**PROBLEM TO WORK ON**
Look for the line containing "Opel Vectra C" and the line containing "FlexBib - Babador de Silicone" in the entries below. Copy those two and all lines between them exactly, leaving out pictures.

[Web page caption snippets]
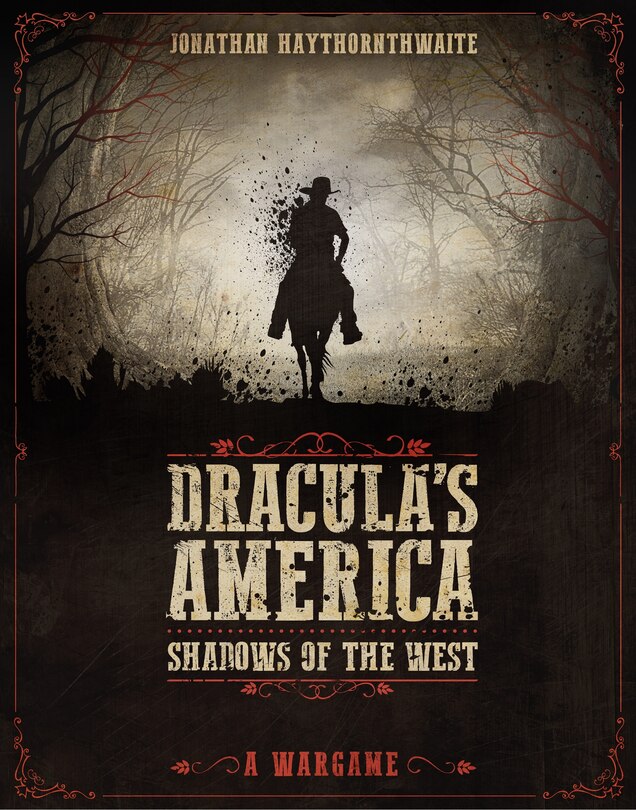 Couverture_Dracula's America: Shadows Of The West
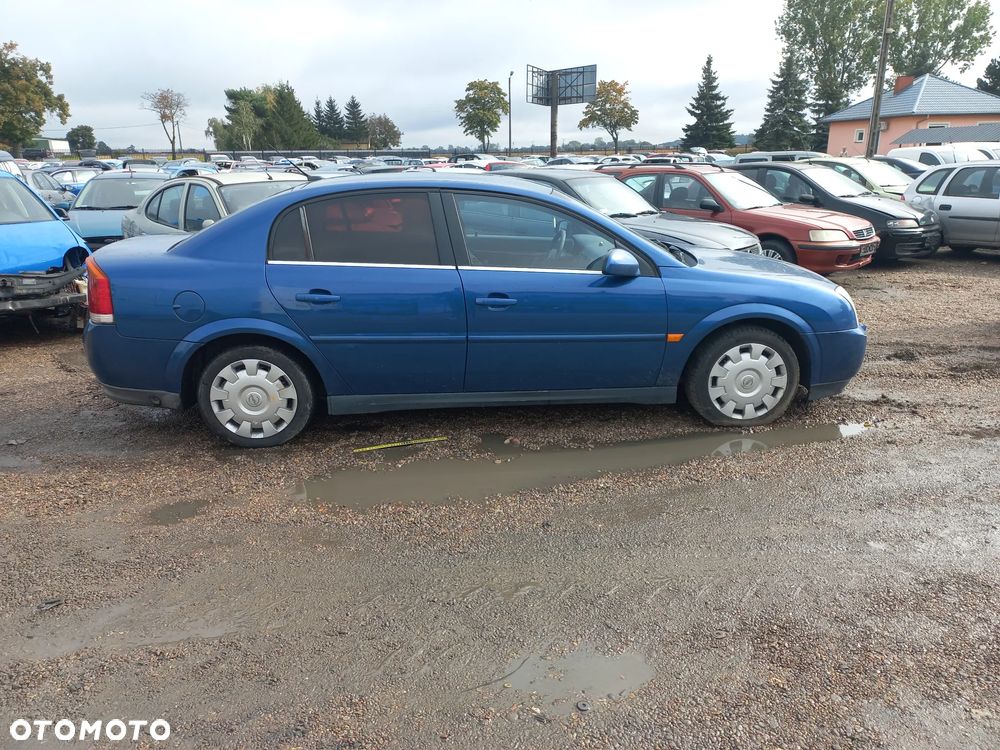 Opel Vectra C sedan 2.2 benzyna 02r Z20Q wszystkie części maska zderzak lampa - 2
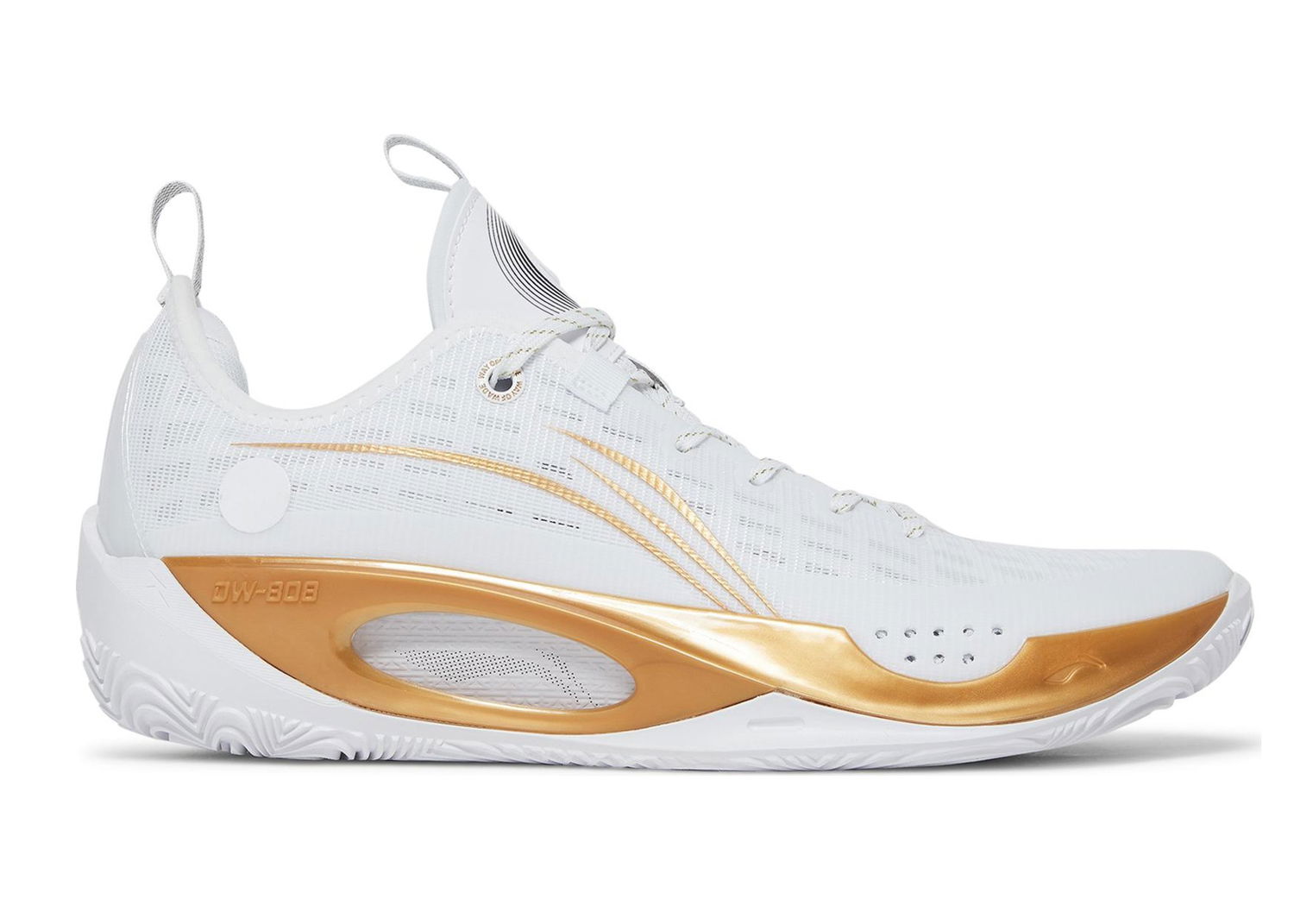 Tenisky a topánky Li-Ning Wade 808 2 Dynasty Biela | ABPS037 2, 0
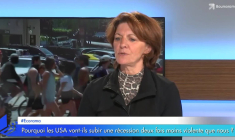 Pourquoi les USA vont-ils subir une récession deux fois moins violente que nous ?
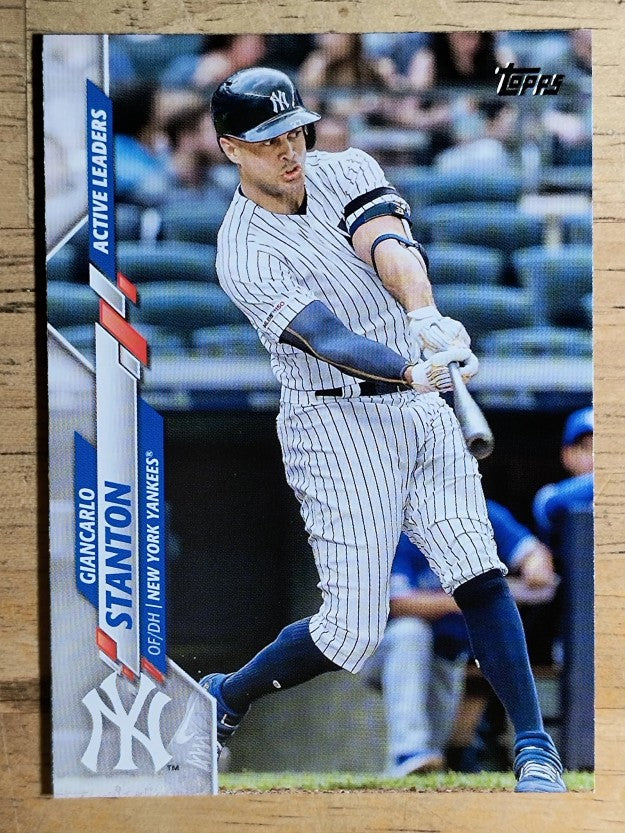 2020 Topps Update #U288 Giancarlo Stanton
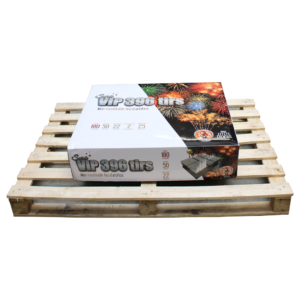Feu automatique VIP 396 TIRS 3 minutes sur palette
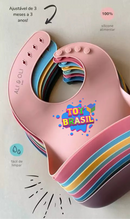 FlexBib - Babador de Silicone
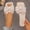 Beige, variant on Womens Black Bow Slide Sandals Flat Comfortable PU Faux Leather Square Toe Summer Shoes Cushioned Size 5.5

**REPLY**
 Opel Vectra C sedan 2.2 benzyna 02r Z20Q wszystkie części maska zderzak lampa - 2
 Tenisky a topánky Li-Ning Wade 808 2 Dynasty Biela | ABPS037 2, 0
 Pourquoi les USA vont-ils subir une récession deux fois moins violente que nous ?
 2020 Topps Update #U288 Giancarlo Stanton
Feu automatique VIP 396 TIRS 3 minutes sur palette
 FlexBib - Babador de Silicone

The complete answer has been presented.